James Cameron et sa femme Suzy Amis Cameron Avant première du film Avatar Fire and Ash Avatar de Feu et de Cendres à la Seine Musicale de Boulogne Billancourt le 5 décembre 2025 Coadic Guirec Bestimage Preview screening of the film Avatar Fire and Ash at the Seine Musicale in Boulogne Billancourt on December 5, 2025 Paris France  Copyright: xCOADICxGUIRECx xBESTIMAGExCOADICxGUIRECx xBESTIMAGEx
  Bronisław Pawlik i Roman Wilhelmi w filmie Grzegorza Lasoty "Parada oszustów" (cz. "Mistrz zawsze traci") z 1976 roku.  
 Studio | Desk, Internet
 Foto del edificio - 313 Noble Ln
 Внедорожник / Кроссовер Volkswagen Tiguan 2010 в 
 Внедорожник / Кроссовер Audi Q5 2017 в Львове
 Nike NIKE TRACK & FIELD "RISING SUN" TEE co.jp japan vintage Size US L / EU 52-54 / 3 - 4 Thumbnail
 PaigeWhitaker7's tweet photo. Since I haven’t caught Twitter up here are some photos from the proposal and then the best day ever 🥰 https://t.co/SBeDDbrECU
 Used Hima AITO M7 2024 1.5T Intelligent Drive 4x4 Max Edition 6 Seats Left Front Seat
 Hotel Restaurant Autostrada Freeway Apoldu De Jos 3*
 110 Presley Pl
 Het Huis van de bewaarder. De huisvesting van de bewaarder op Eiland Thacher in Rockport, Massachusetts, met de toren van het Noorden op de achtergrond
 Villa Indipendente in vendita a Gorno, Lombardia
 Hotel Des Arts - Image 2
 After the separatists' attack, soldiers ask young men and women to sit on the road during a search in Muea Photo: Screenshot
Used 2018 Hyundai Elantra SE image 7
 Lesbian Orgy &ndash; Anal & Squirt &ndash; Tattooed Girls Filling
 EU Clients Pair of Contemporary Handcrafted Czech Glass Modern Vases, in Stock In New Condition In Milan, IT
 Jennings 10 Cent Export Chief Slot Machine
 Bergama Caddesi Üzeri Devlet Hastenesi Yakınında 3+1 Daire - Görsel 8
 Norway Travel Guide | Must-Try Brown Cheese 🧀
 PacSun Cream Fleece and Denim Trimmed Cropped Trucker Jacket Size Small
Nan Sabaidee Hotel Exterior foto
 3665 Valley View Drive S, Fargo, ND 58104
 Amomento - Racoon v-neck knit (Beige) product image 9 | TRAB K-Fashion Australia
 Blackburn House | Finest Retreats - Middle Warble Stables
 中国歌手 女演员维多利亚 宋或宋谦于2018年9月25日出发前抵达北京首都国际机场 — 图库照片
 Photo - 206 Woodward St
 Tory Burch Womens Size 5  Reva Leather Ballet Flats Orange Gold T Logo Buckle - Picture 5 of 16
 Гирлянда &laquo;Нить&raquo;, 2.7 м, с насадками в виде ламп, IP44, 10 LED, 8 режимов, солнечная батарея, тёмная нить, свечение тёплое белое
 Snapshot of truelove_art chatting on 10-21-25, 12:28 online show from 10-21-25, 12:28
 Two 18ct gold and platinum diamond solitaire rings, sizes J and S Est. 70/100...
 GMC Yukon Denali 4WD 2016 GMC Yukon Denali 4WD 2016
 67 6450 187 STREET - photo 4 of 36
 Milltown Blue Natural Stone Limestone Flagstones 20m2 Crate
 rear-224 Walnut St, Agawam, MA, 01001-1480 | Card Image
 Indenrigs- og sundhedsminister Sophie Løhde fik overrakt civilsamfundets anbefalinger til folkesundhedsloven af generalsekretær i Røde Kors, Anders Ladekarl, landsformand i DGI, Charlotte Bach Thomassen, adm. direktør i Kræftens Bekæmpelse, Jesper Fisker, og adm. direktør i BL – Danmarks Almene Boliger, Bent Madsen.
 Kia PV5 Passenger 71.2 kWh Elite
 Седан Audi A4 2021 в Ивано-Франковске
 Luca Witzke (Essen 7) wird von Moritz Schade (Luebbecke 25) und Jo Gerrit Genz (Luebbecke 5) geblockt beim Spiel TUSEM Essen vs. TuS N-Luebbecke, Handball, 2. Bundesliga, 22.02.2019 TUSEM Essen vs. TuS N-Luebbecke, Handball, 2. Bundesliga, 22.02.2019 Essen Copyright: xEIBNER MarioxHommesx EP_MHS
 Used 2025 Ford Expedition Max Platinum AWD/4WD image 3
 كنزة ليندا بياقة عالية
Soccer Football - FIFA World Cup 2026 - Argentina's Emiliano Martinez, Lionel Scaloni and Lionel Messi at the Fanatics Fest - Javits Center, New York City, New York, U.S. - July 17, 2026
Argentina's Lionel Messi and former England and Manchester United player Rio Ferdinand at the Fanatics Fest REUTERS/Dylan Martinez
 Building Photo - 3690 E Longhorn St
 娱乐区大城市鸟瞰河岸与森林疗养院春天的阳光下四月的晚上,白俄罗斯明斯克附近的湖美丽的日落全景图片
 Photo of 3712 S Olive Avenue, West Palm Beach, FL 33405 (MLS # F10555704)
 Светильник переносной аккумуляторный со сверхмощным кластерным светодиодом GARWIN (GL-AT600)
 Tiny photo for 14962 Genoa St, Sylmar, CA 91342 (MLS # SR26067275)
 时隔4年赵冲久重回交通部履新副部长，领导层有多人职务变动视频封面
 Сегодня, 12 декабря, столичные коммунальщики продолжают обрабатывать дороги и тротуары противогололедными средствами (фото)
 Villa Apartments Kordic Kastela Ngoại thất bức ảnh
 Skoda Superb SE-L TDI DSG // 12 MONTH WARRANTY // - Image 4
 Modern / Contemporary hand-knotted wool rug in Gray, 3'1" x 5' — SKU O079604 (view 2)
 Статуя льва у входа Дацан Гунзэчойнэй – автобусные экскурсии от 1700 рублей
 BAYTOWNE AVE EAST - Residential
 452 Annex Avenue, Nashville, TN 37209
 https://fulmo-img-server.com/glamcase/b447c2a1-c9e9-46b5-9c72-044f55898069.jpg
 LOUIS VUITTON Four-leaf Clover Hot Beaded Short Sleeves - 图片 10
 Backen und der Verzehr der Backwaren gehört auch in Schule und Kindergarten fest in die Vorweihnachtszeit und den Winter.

→ Task details: Apply a filter to the listing above so that only lines with "Audi" are kept, and copy those lines.

→ Written response:
 Внедорожник / Кроссовер Audi Q5 2017 в Львове
 Седан Audi A4 2021 в Ивано-Франковске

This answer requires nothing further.